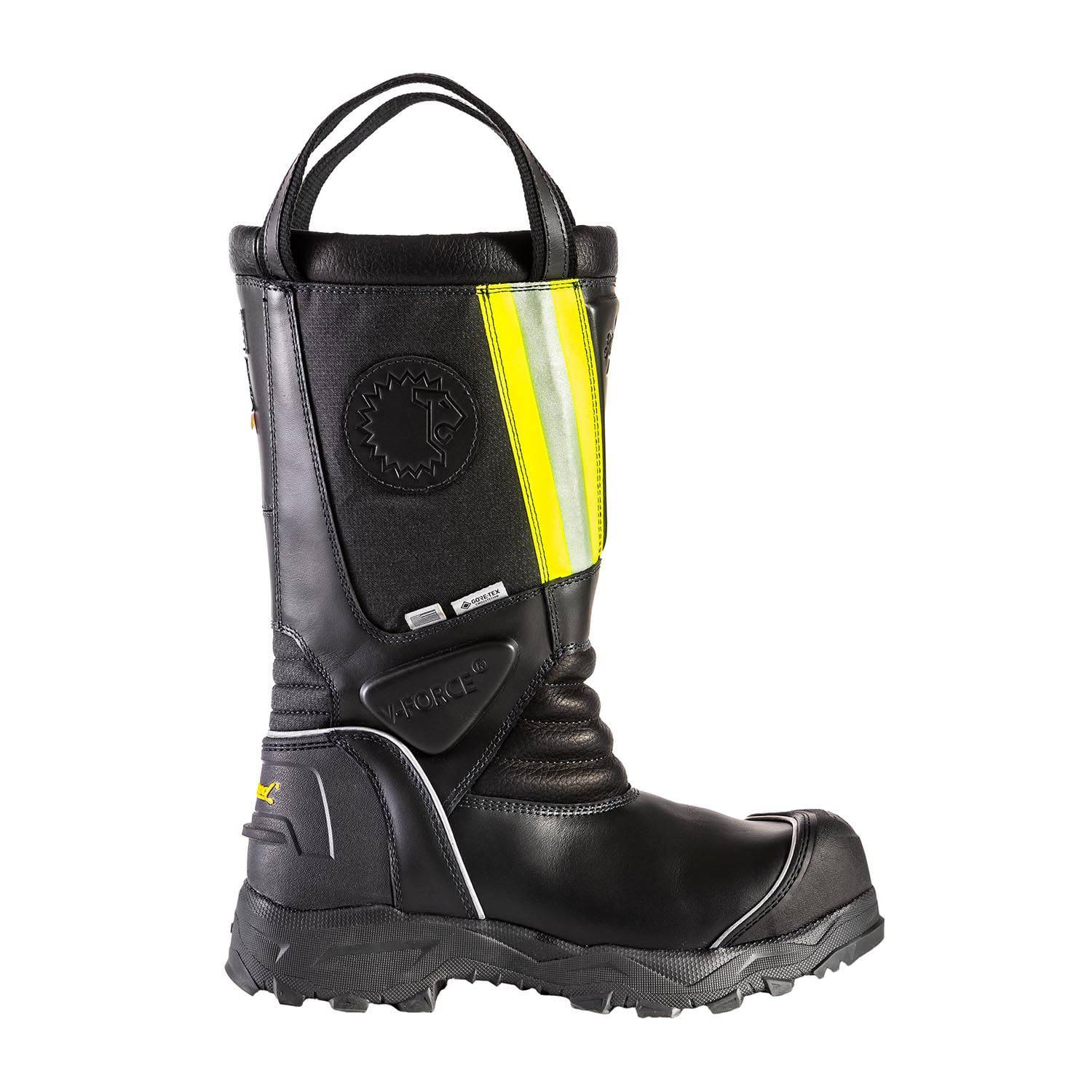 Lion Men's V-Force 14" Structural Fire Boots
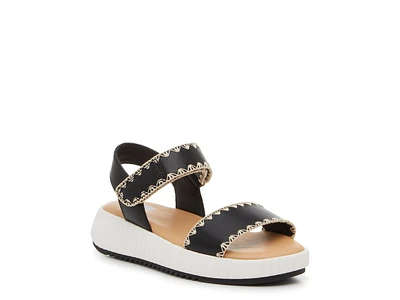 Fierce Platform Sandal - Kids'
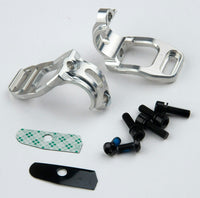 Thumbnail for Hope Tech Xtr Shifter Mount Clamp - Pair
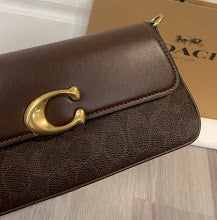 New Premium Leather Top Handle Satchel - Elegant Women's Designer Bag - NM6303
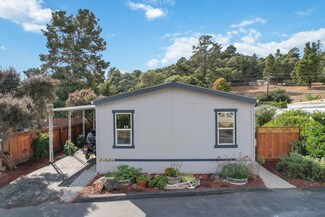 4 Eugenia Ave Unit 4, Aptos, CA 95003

==================================================

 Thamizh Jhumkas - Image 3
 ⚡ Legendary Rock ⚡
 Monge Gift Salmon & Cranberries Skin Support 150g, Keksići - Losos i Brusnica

==================================================

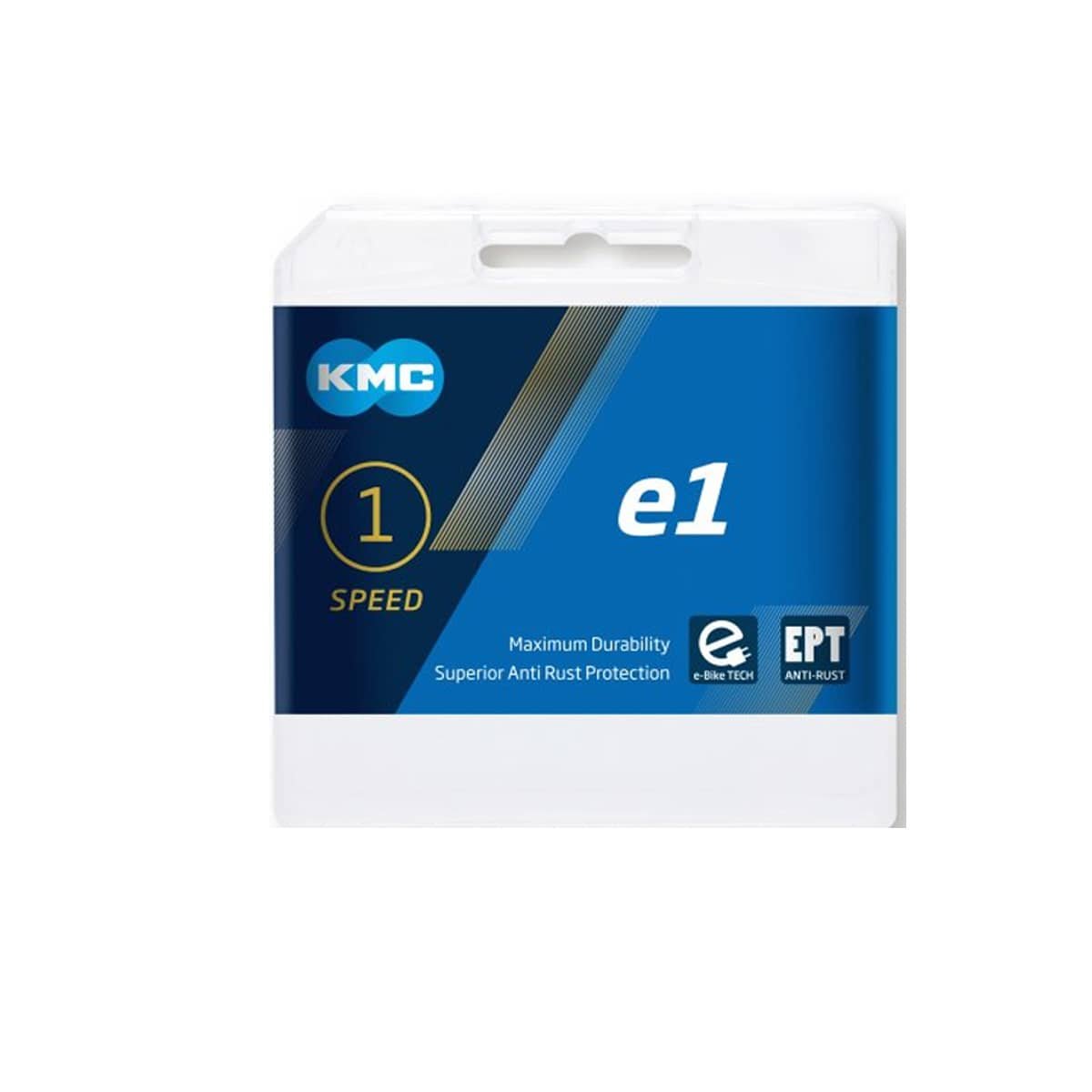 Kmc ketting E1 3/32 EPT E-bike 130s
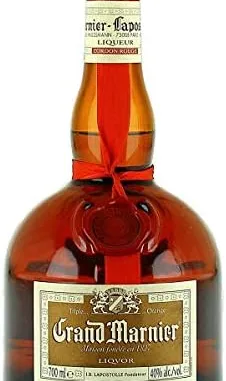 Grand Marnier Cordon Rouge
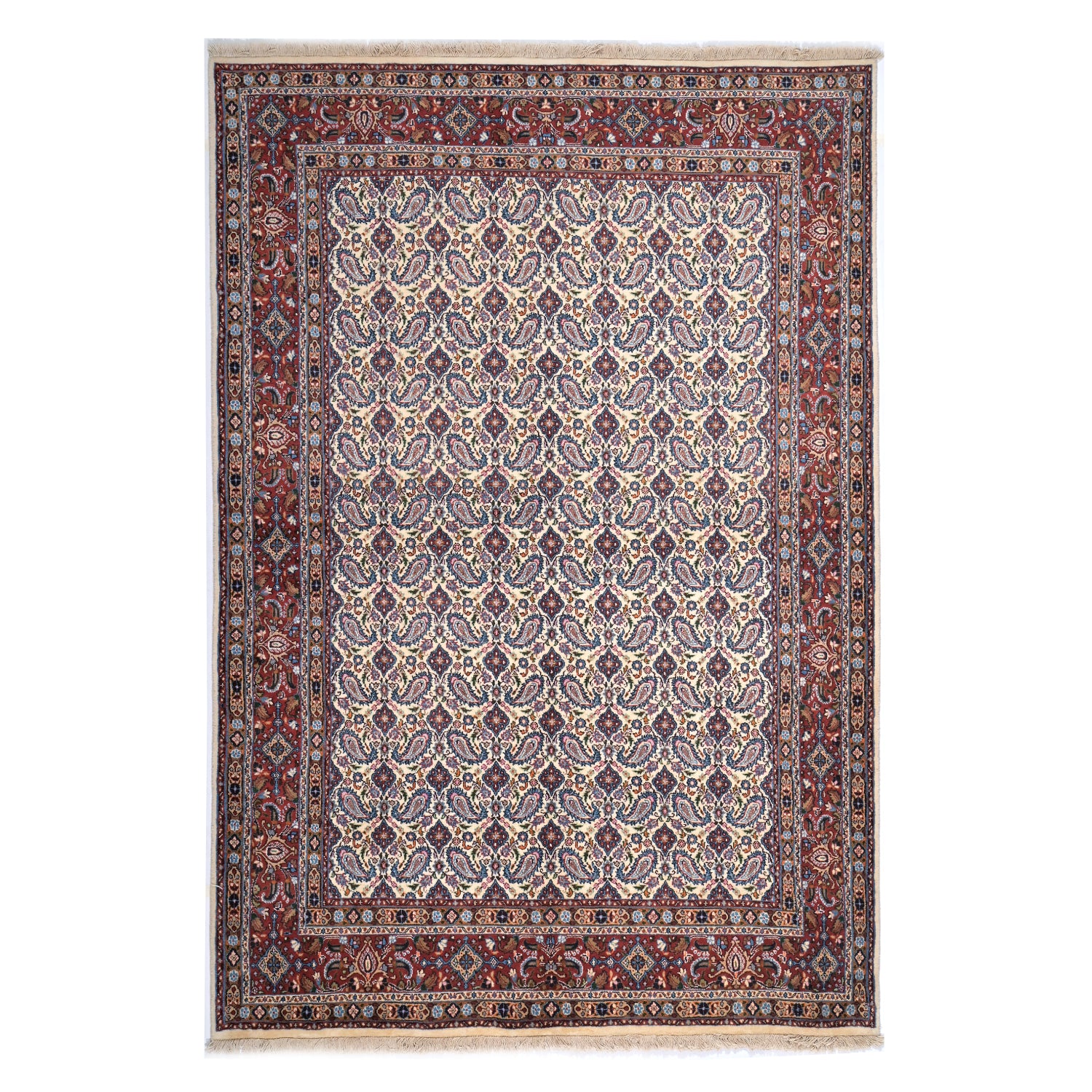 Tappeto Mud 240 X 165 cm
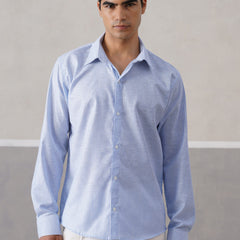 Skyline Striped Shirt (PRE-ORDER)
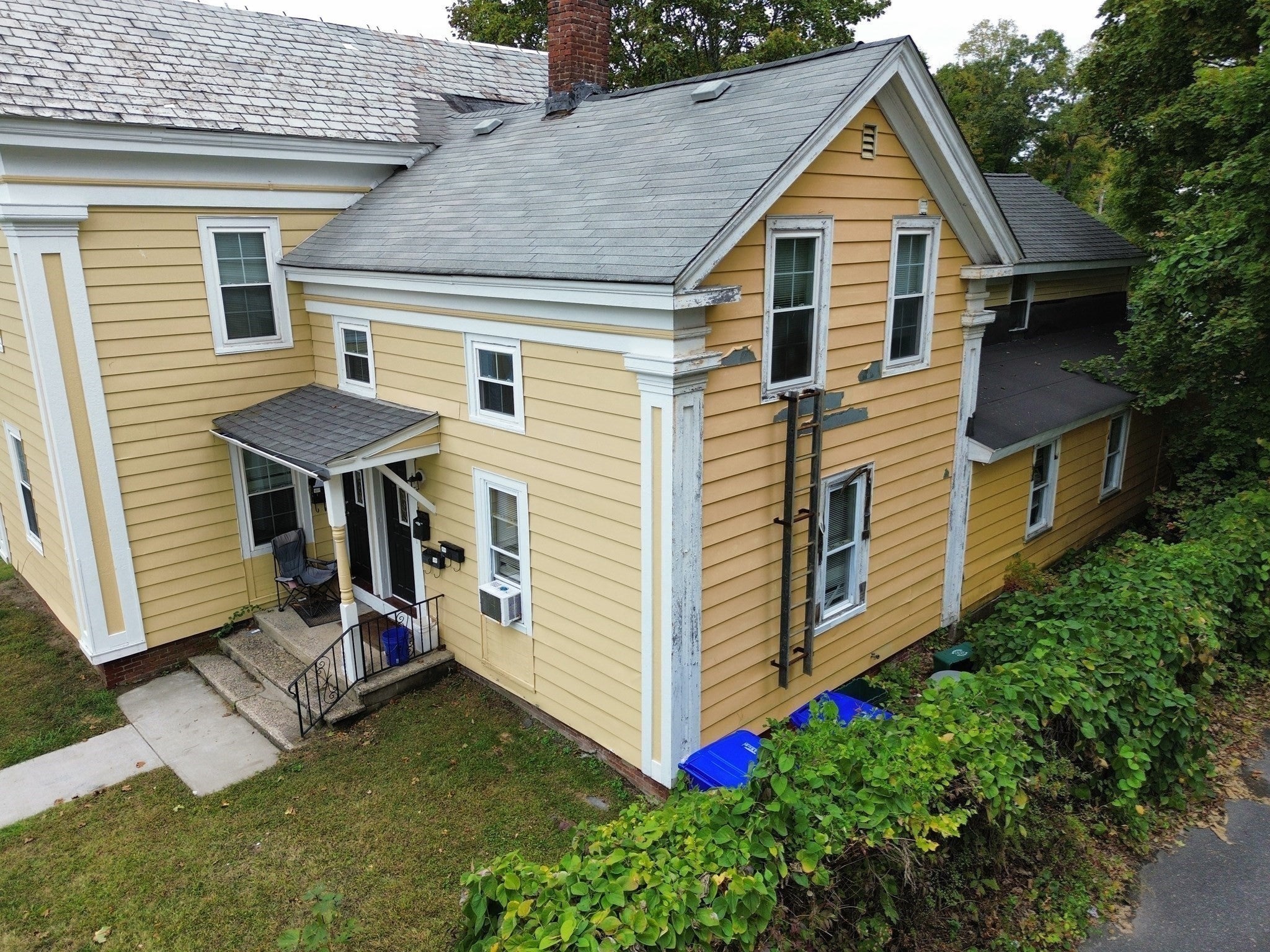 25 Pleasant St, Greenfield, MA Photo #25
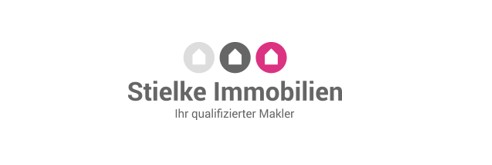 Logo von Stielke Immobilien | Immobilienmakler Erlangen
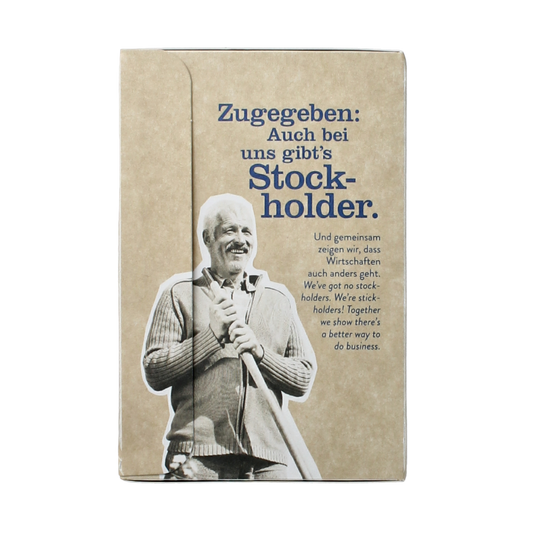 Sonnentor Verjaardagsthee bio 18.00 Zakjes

==================================================

• **Exercise description**
Beginning with the line above that contains "25 Pleasant St, Greenfield, MA Photo #25" and finishing with the line that contains "Sonnentor Verjaardagsthee bio 18.00 Zakjes", print those lines exactly and only. Skip all pictures.

• **Finished task**
 25 Pleasant St, Greenfield, MA Photo #25
 Logo von Stielke Immobilien | Immobilienmakler Erlangen
 Sonnentor Verjaardagsthee bio 18.00 Zakjes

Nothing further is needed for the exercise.